The first stone and brick church on the current site would have been built soon after the Norman Conquest, although it is possible that there was an earlier wooden Anglo-Saxon church. The nearby Merton Abbey was closed down during the Dissolution of the Monasteries, and the estate sold, being acquired by the Garth family. By the 1630s, the Garths were Puritans, and had the church rebuilt in a more Protestant style, i.e. no places for icons or reservation of bread and wine.


The church has a brick outer wall, with a cross on one side of the church and a bell-tower on the other. An English flag often flies from the tower, but was not there on the day I visited.

The inside of the church features plain white walls lined with memorials to various notable figures from the parish’s history. One which stands out in particular is a large coat of arms of Queen Anne on the south wall, with the words “Fear God and Honour the Queen” written above it. The church’s website suggests this may have been installed due to Anne establishing the Church Commissioners, who until recently paid Anglican clergy.

The windows are stained glass, featuring saints such as Saint Thomas Becket and the eponymous Saint Lawrence. The stained glass windows at the front of the church have inscribed into them the Ten Commandments, together with depictions of Moses and Aaron, and are flanked on one side by a large plaque with the Lord’s Prayer written onto it and on the other side by one with the Apostle’s Creed.

An interesting feature is that the ceiling is lined with hatchments, coats of arms of the families of some of the (presumably more well-off) people who had their funerals at the church in the 1700s.


As explained on a notice given out with the service sheet, the church is (at time of writing) in an “interregnum” between rectors, with the previous one having recently retired after more than 20 years. The service was therefore taken by (whom I presume was) a layman, who from the front of the church directed the hymns and prayers and gave the sermon. Music for the hymns, and for a piece played before the service while people arrived, was provided by a drummer and a lady on a piano.


The congregation was made up of roughly 35 people, filling less than half of the available places in the pews. This would appear to have been less than usual from a comment made by the man who welcomed me – evidently used to seeing more people in attendance – who joked that “they must all be sunbathing” (the weather being particularly hot that day). There was a good variety of different ages and balance between genders, with several people of ethnic minority as well.

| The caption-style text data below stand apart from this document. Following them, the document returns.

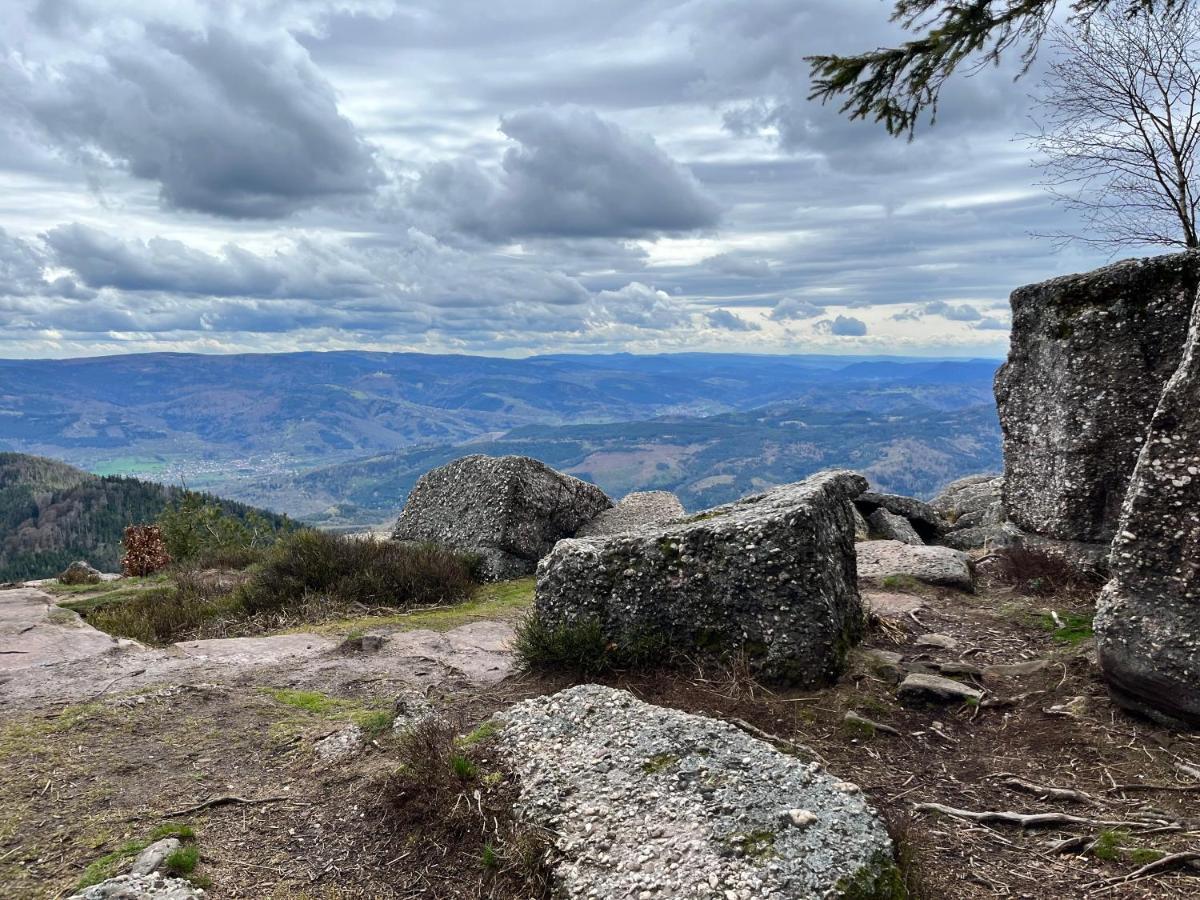 Maison Independante De Montagne En Alsace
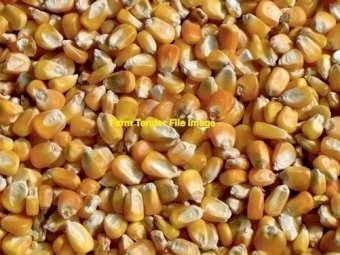 WANTED Corn, Safflower, Sorghum, Peas looking up to 1-10 tonne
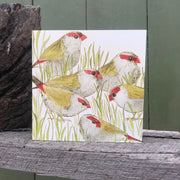 Red-browed Finches Greeting Card "The Bush Birds" Collection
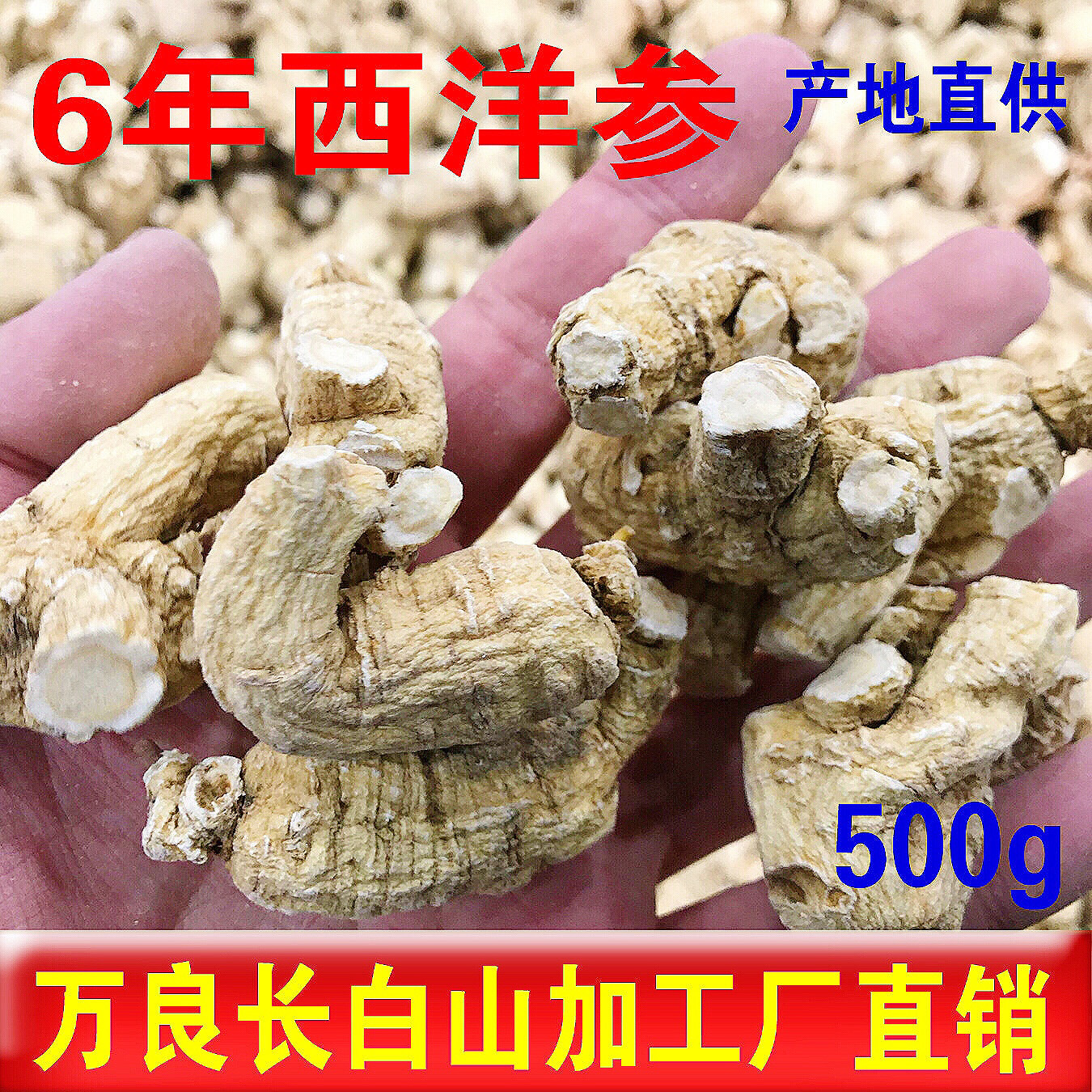 西洋参整枝特级粒头500g花旗参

The service started with a hymn, followed by prayers. After another hymn, there were two Bible readings – Galatians 6:7-16 and Luke 10:1-11 and 16-20 – followed after another hymn by the sermon. The readings were taken from the same books as those at the service at Hackbridge All Saints last month, and the semon was on the same topic of faith and works, leading me to assume that said subject is in Anglican lectionaries for this time of year. The sermon was followed by notices and another hymn, and the service ended with more prayers and a final hymn.

The words to hymns were projected onto a slide hanging from the ceiling, and were accompanied by music from a drum kit – some of the congregation even clapped in time to the beat with one of the hymns. This contrasted with the impression given by the sombre memorials and aloof hatchments of the church building to give the service itself a very lively, modern feel.


I had to leave soon after the service finished due to prior arrangements, but I saw most of the members of the congregation leave through a door at the back of the church towards a parish hall, where I had been told coffees would be served after the service.